PUBLISHED: 17:12 19 April 2016 | UPDATED: 17:12 19 April 2016

Norma Stewart

Norma Stewart

Archant

Norma Stewart, head of Family Enterprise at Wellers, explains why good governance structures encourage your family to communicate and work together more effectively.

The structure of your family business is unique: a family, the business and ownership system, all linked together by wealth, legal arrangements, employment and emotional bonds….

Whatever the size of your business, your family members each come to it with their own attitudes, opinions and objectives. As the business matures, and your family tree grows, the inter-relationships will become more complex and challenging for you. Most family enterprises operate around the concept of a “fair process”, they aspire to create a balance of interests between the needs of the business and the well-being of the family. In essence, governance is the “balance of power” between owners, the wider family and those who manage activities in the family enterprise.

Norma Stewart, head of Family Enterprise at Wellers, explains why good governance structures encourage your family to communicate and work together more effectively. That makes them pivotal to future growth because successful families manage not just corporate governance of their business operations but also family governance. Governance structures work whereby rules and guidelines are established about the family’s roles and responsibilities in their interaction with the business.

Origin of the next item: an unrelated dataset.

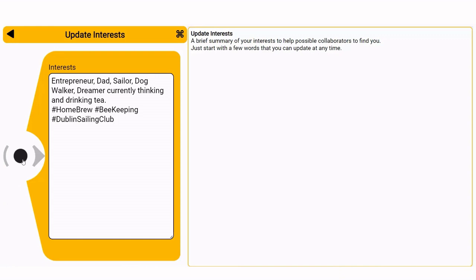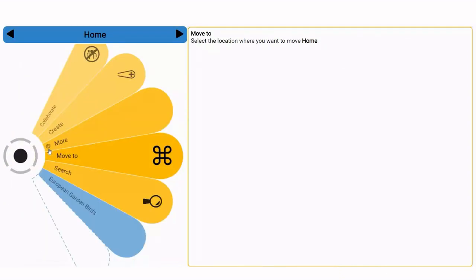Finally swipe right when you are finished and update anytime you want.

Where is your family business at?

Understanding where your family enterprise is today in its development journey is a great starting-point. That way you’ll understand when more formal frameworks and policies will be needed to develop a unified approach to the business within the family. Whilst there is no ideal time to start, it’s much easier to organise governance when the business is young and your family group is relatively small. In the early days of an owner-managed business, a kind of ‘natural’ governance can grow up based on “the way things are done around here”. The danger is that this is based on unspoken understandings, expectations and assumptions. As time passes and the business evolves, ownership is likely to fragment and assets in the family enterprise will grow and diversify.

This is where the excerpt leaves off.